Peki, 1 Kasım'dan sonra kaos ve kriz bitti mi? Tam tersine, 1 Kasım'dan bu yana ülke daha derin bir kaosa, daha derin bir çıkmaza girdi, esnaf daha bir çalışamaz duruma geldi. Ülke içindeki savaş ve kaos sürecinde sadece ülke içinde kalmakla da yetinilmedi, Musul'da Irak'la şu anda adeta bir savaş durumuyla karşı karşıyayız. Yine, Suriye Rojava'da bir savaş yürütülüyor. Bu savaşın bütün maliyeti, başta KOBİ'ler olmak üzere esnaf, işçi, emekçilerden alınan vergilerle karşılanıyor. Savaşın devamı daha çok vergi, daha çok sömürü demektir.

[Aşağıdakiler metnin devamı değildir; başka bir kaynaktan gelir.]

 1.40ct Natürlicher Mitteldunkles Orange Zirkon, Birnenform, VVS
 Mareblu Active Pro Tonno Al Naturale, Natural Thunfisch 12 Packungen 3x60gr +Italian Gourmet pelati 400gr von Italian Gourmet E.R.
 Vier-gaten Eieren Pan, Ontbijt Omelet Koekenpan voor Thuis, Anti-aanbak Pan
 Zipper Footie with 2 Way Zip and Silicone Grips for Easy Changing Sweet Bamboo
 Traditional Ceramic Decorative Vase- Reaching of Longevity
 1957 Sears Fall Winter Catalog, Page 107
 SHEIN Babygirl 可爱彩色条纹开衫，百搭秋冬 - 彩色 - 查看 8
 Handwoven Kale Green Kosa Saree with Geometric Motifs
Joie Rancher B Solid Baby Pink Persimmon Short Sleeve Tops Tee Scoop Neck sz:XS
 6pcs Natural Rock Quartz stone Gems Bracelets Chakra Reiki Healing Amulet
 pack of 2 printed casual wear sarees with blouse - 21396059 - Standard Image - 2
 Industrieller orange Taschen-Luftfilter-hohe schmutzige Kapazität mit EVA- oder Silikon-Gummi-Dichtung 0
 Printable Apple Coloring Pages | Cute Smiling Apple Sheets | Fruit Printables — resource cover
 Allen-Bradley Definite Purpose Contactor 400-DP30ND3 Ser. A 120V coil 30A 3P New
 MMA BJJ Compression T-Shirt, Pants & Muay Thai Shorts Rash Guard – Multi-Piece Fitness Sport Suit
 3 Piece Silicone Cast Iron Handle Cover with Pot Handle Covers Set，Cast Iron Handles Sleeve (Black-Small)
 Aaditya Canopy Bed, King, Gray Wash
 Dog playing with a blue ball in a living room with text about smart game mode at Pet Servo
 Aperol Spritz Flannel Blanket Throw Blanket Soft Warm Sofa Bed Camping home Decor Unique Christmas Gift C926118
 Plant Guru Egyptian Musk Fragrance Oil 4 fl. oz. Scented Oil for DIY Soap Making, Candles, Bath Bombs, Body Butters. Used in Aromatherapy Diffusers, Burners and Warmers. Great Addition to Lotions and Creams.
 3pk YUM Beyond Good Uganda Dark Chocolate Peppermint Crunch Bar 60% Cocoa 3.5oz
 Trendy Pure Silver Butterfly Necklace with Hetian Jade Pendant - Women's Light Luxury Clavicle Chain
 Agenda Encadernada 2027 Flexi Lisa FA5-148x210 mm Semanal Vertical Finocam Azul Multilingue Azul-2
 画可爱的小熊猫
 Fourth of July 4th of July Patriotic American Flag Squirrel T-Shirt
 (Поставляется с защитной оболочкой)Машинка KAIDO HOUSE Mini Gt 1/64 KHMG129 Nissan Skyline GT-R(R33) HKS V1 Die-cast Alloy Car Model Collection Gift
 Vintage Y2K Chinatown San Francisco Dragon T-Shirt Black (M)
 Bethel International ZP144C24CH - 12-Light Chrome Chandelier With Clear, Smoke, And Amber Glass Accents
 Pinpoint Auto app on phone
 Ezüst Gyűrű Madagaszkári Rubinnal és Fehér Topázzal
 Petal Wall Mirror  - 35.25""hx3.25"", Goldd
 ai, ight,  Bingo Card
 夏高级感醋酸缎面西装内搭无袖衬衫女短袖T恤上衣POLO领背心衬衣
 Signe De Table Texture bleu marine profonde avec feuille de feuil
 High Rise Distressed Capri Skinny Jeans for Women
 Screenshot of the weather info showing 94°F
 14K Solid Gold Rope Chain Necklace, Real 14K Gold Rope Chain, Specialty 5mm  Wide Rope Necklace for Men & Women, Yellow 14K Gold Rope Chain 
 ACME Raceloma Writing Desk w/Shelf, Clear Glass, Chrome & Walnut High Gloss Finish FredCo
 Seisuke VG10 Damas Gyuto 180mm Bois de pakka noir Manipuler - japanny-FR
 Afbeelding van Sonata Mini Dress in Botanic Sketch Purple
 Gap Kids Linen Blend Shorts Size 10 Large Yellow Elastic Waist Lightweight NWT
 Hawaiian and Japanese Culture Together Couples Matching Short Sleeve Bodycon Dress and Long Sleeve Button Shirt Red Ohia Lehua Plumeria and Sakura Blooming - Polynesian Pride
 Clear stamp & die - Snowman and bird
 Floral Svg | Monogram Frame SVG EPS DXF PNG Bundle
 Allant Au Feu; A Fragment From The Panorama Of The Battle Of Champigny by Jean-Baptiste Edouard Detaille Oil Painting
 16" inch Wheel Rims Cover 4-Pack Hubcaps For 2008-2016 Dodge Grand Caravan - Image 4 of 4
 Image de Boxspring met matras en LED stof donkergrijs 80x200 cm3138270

AKP ekonomik operasyonlarla sermaye el değiştiriyor

Bu savaş konseptiyle beraber,  15 Temmuz darbe girişimi süreci yaşandı. 15 Temmuz süreci, AKP'nin on yıl boyunca beslediği ve kendi içinde barındırdığı yapının doğumudur. AKP Hükümeti buna karşılık muhalefeti susturmakta, kamuda 100 bini aşkın personeli, çalışanı görevden atmakta, bütün muhalif kesimlerine yönelik baskıyı, şiddeti devreye sokmakta, dahası yasanın konusu olan esnafı, tüccarı bir şekilde fişlemektedir.  

Spesifik bir örnek vereyim; ismini zikretmeyeceğim bir işletmeci geldi, hangi bankaya gidiyorsa, yıllardır kredi kullandığı bankada bile, kendisine şirketinin sarı listede olduğu dolayısıyla da kendisine kredi verilemeyeceği şeklinde bir cevapla karşılaştığını ifade etti. Söz konusu şirket benzeri onlarca işletme gayri resmi sarı listede. Yani 'FETÖ'cü olmadığı halde 'FETÖ' yaftasıyla kredileri kesilmekte. Yani özetle, AKP, tıpkı siyasi alandaki operasyonlar gibi ekonomik alanda da operasyonlar yürütüp sermayeye el değiştiriyor.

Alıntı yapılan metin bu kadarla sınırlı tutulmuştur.